### REQUIRED WORK
Output nothing except the lines from the one containing "Die Band Mind2Mode" through the final line of the data, both included, typed exactly, minus the pictures.

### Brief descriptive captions
Segment Open

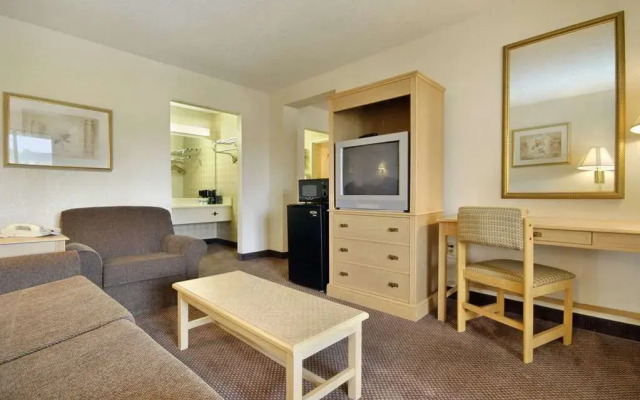 Days Inn & Suites Mobile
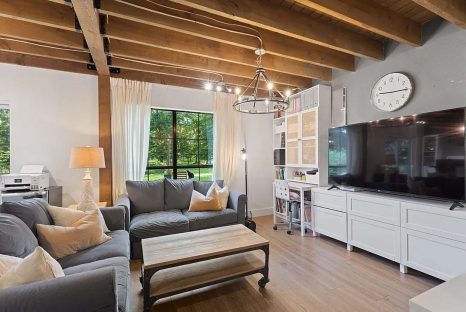 wood-beam-living-room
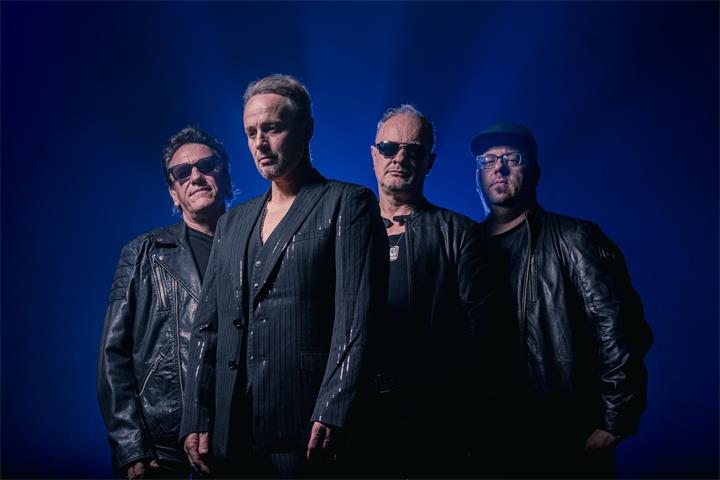 Die Band Mind2Mode bringt die Musik von Depeche Mode, U2 und Simple Minds auf die Bühne.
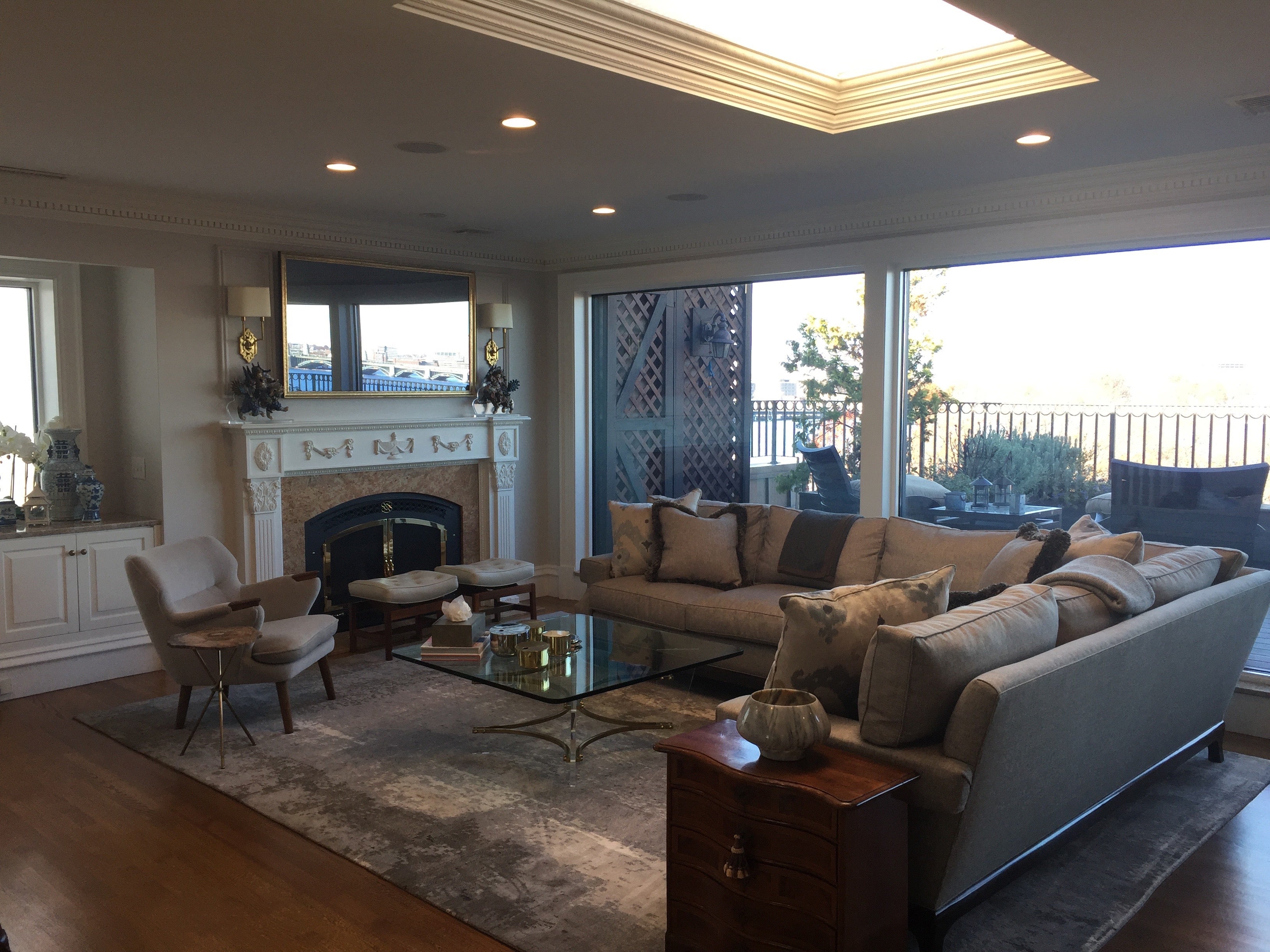 Transitional Living Room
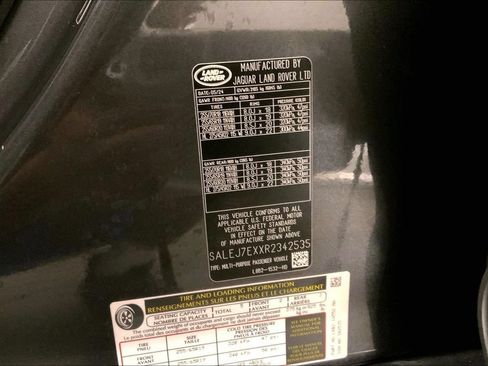 Used 2024 Land Rover Defender 110 S AWD/4WD image 31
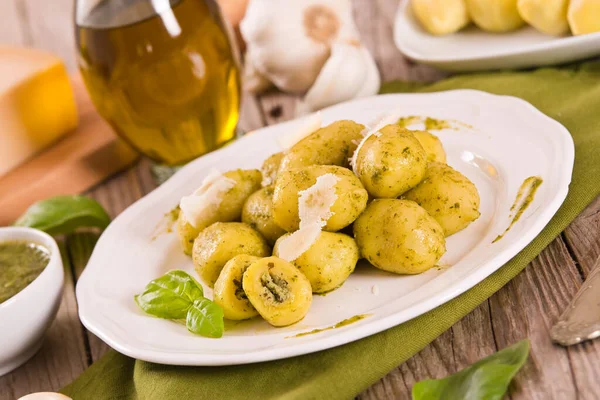 Nhoque Batata Recheado Com Molho Pesto — Fotografia de Stock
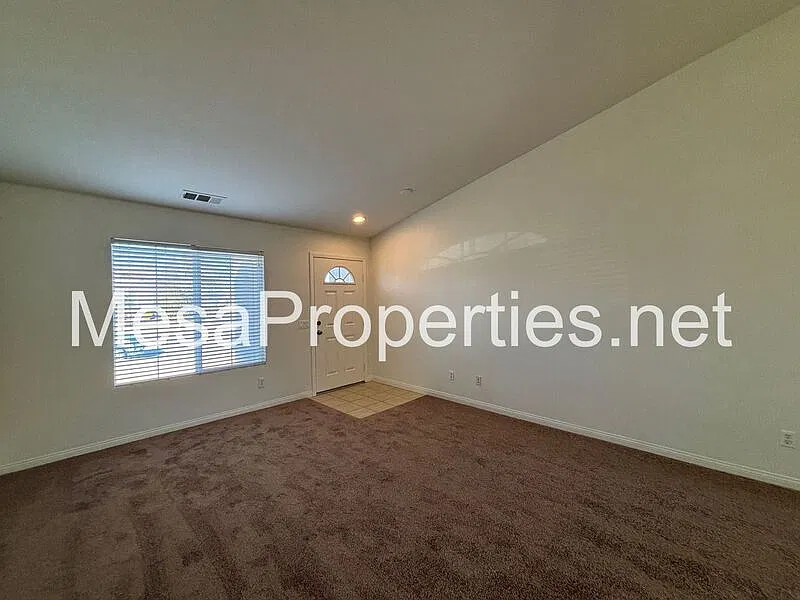 3 bed, 2.0 bath, 1712 sqft, $2,350 — Photo 3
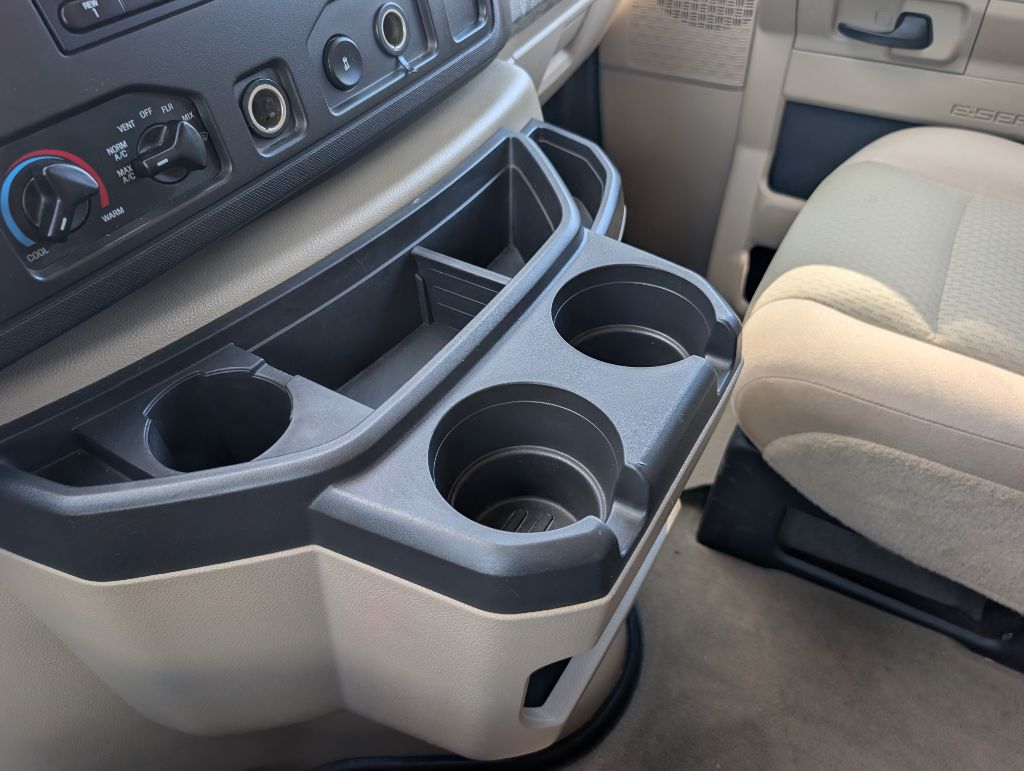 2009 Ford E-350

Segment Closed

### TASK OUTPUT
 Die Band Mind2Mode bringt die Musik von Depeche Mode, U2 und Simple Minds auf die Bühne.
 Transitional Living Room
 Used 2024 Land Rover Defender 110 S AWD/4WD image 31
 Nhoque Batata Recheado Com Molho Pesto — Fotografia de Stock
 3 bed, 2.0 bath, 1712 sqft, $2,350 — Photo 3
 2009 Ford E-350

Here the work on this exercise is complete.